This project seeks to create a model that classifies whether a patient is likely to be readmitted to the hospital within 30 days of discharge given the health conditions. This information will help Hospitals to determine individual patients' risk of returning in the hospital in this time period.
Hospitals in USA spent over $41 billion on patients who got readmitted within 30 days of discharge. Being able to determine factors that lead to higher readmission in such patients, and correspondingly being able to predict which patients will get readmitted can help hospitals save millions of dollars while improving quality of care.
The data was obtained from Kaggle . The data contains attributes such as patient number, race, gender, age, admission type, time in hospital, number of lab test performed, HbA1c test result, diagnosis, number of medication, diabetic medications, number of outpatient, inpatient, and emergency visits in the year before the hospitalization, etc.
The dataset suffers from lack of class separation, presenting a challenge for generating predictions and class imbalance of approximately 90% - to - 10%
Out of 101766 Patients record, 99340 records were used for the analysis.
Reason to not use those 2400 records (2.3%) was because of the missing values and the decision was made to drop those records and not to use available techniques to fill the missing values as this is a medical dataset.
- Obtaining data
- Scrubbing data
- Exploring data
- Modeling data
- Interpreting results
It was found that if the patient had more Inpatients stays in hospital over a past year the probability of readmission within 30 days was higher.

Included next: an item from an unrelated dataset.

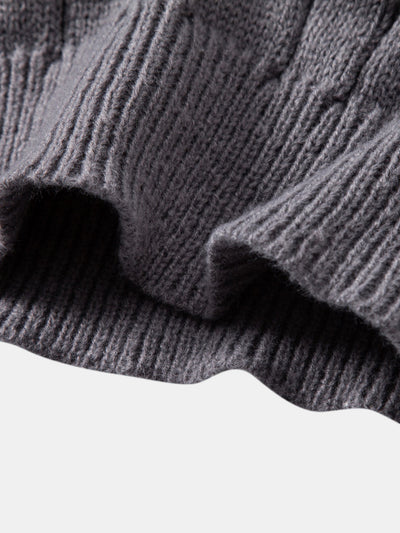 Achille® | Twist Jacquard Quarter Zip Sweater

It was Found that the Patients that were encountered Diabetic during diagnosis had higher probability of readmission within 30 days. The primary diagnosis is the root cause of the visit. The Secondary diagnosis/diagnoses, are the other conditions that were either present on admission & directly affect the care given for this visit
It was found that if the patient had spent more time in hospital ( considering serious illness ) the probability of readmission within 30 days was higher.
It was found that if the patient had spent more time in hospital ( considering serious illness ) the probability of readmission within 30 days was higher.

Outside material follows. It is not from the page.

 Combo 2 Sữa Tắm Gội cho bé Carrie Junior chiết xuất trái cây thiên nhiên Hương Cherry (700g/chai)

4 classification models were performed to determine best fit: Logistic Regression, Decision Tree, Random Forest, and XGBoost.
The Random Forest Model is reported to be the best model for prediction of the Readmission of the patient with given medical information with an emphasis Recall in an effort to minimize false predictions of no readmittance.
RECALL : 63.00%
ACCURACY : 62.25%
AUC : 67.40%
├── datasets <- data used for the analysis.
├── images <- All images used throughout the project.
├── data-cleaning.ipynb <- Cleaning of data to create final dataset.
├── modeling.ipynb <- EDA and Modeling.
├── presentation.pdf <- PDF version of project presentation.
└── readme.md <- README file for Quick overview on project.